* [Exercise aim]: The expected output is the full data, repeated exactly, without pictures.

* [Information shown]:
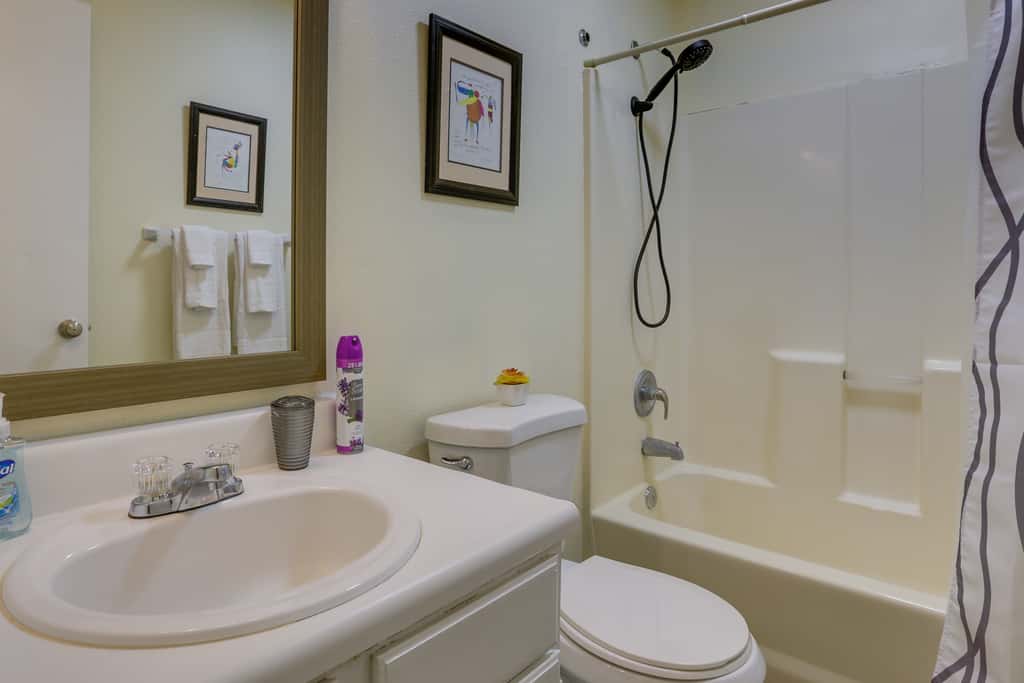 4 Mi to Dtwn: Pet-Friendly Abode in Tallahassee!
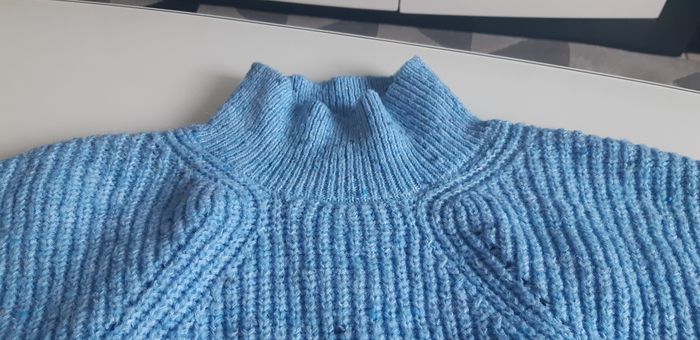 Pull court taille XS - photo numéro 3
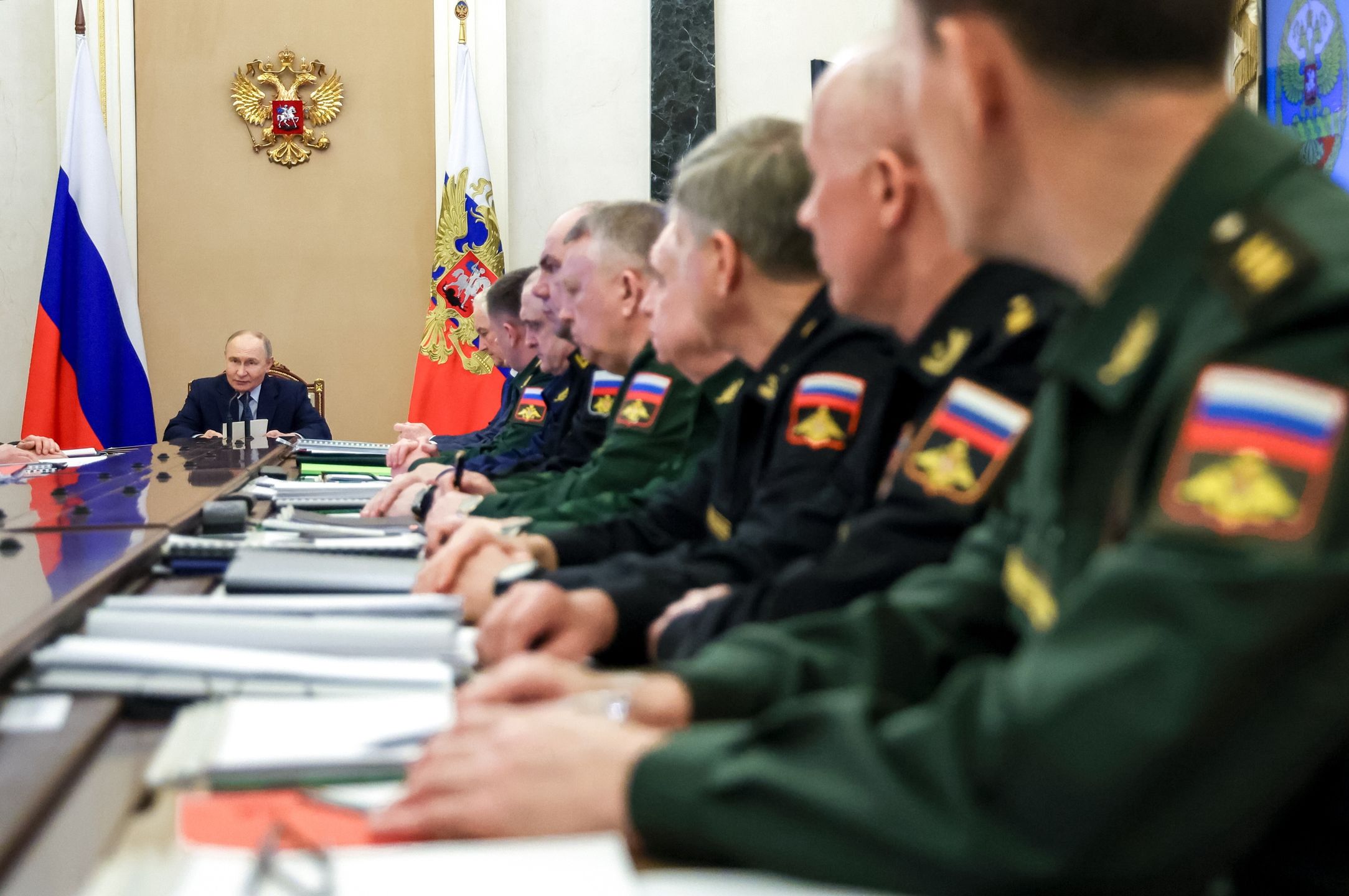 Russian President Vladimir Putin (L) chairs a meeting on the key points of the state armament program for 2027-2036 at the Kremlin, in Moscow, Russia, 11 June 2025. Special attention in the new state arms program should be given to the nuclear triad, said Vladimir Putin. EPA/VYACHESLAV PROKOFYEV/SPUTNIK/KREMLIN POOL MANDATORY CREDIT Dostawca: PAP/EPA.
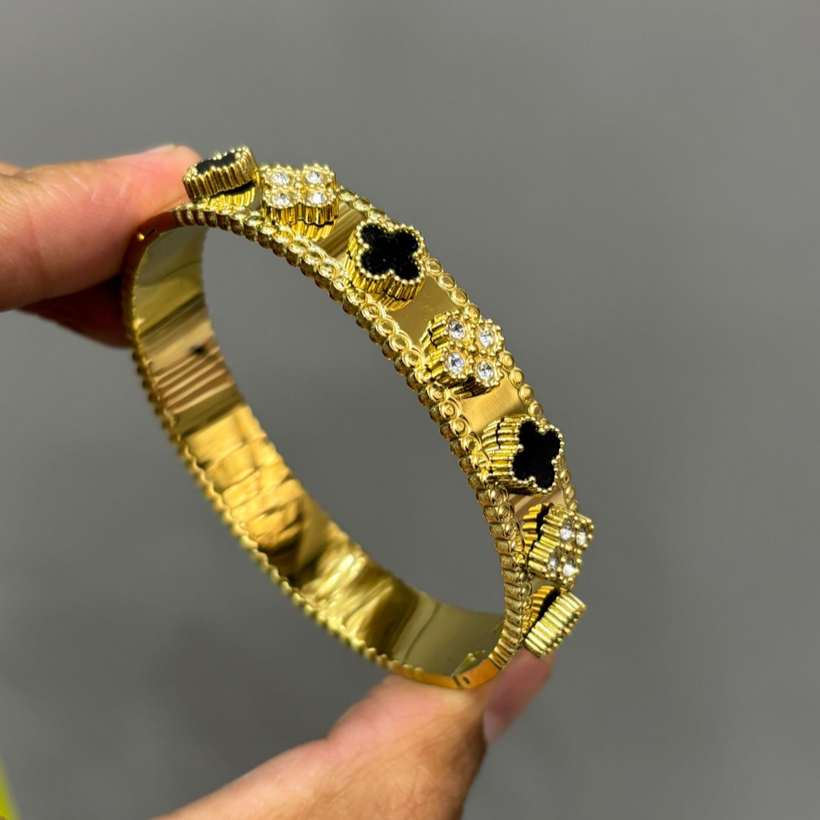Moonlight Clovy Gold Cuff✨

* [Result of this task]:
 4 Mi to Dtwn: Pet-Friendly Abode in Tallahassee!
 Pull court taille XS - photo numéro 3
 Russian President Vladimir Putin (L) chairs a meeting on the key points of the state armament program for 2027-2036 at the Kremlin, in Moscow, Russia, 11 June 2025. Special attention in the new state arms program should be given to the nuclear triad, said Vladimir Putin. EPA/VYACHESLAV PROKOFYEV/SPUTNIK/KREMLIN POOL MANDATORY CREDIT Dostawca: PAP/EPA.
Moonlight Clovy Gold Cuff✨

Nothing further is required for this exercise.